Já me disseram que meu gosto pelas viagens herdei dos meus pais, ele, piloto da aviação civil, ela uma das pioneiras a “solar” um Paulistinha no início dos anos 60. Aliás, tudo começou assim: em uma pequena cidade do interior de Minas, ela foi fazer o curso de pilotagem na recém instalada escola; ele era o instrutor.
Minha primeira viagem aérea foi com alguns dias de vida, instalada confortavelmente no colo da minha mãe no banco de trás de um também Paulistinha, indo de São Paulo para Minas para conhecer meus avós maternos. Também tomei aulas de pilotagem, mas foram poucas horas. Mas a influência para o gosto das alturas e pelo além-mar não para por aí: pequenininha, adorava ver a correspondente da Globo em Londres, Sandra Passarinho, que tinha quase sempre como cenário para as suas reportagens o Big Ben – “Quando eu crescer, quero ser igual a Sandra Passarinho” – em profissão e viagens, complemento agora.
Desde criança, aguardava ansiosa, com minha mãe e meu irmão, o regresso do meu pai vindo de algum lugar distante (talvez nem fosse tão distante assim): no dia da chegada, nós três ficávamos atentos ao barulho de qualquer avião, esperando pelo vôo rasante que ele faria sobre nossa casa. Era uma festa, e também a deixa para largarmos tudo e partirmos rápido para buscá-lo no aeroporto. Até hoje ainda tenho o hábito de olhar para cima sempre que ouço o barulho de um avião.
Pois deve ter sido isso: vê-lo partir, chegar, contar histórias, trazer presentes, lembranças, de acompanhá-lo ao aeroporto e passar por lá longas horas quando ele não estava a serviço. Tudo isso somado aos livros infantis e aos seriados de TV da Sessão da Tarde: Jornada nas Estrelas, Viagem ao Fundo do Mar (e seu maravilhoso Subvoador) Perdidos no Espaço, complementando a herança genética.

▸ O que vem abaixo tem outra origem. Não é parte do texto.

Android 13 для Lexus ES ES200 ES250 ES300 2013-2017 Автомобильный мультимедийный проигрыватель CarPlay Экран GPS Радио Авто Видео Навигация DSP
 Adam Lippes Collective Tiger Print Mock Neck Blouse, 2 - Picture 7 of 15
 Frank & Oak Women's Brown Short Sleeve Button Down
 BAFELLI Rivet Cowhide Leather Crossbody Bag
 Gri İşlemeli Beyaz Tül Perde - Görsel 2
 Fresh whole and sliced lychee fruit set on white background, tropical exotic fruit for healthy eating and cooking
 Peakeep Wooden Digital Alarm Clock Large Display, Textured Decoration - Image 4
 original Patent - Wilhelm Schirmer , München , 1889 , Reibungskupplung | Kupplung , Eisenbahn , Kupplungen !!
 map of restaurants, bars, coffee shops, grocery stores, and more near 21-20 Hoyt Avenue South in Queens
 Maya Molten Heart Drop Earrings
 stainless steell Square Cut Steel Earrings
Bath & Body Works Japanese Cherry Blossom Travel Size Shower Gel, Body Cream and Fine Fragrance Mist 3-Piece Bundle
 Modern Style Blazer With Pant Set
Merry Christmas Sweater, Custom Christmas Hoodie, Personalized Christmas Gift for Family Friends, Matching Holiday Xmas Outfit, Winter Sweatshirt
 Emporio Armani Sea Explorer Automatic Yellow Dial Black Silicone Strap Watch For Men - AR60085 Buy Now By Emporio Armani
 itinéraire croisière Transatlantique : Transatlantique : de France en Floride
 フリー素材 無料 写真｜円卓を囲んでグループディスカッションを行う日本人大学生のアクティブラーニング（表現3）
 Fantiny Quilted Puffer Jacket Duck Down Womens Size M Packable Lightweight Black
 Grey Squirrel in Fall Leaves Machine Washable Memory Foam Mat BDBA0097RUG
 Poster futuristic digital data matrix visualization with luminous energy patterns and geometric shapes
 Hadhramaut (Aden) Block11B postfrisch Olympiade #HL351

Qual a minha primeira viagem emocionante? Difícil dizer, pois foram várias, divididas em algumas categorias, que fica difícil arriscar. Depende da época em que foi realizada, a expectativa, o que buscava encontrar...Viagens urbanas, viagens no campo, às bordas de florestas, em barcos...Mas sem dúvida, parecia que ela só começava a se concretizar no saguão do aeroporto, e depois, principalmente na decolagem. Enquanto subia, um delicioso friozinho na barriga me fazia pensar...lá vou eu de novo!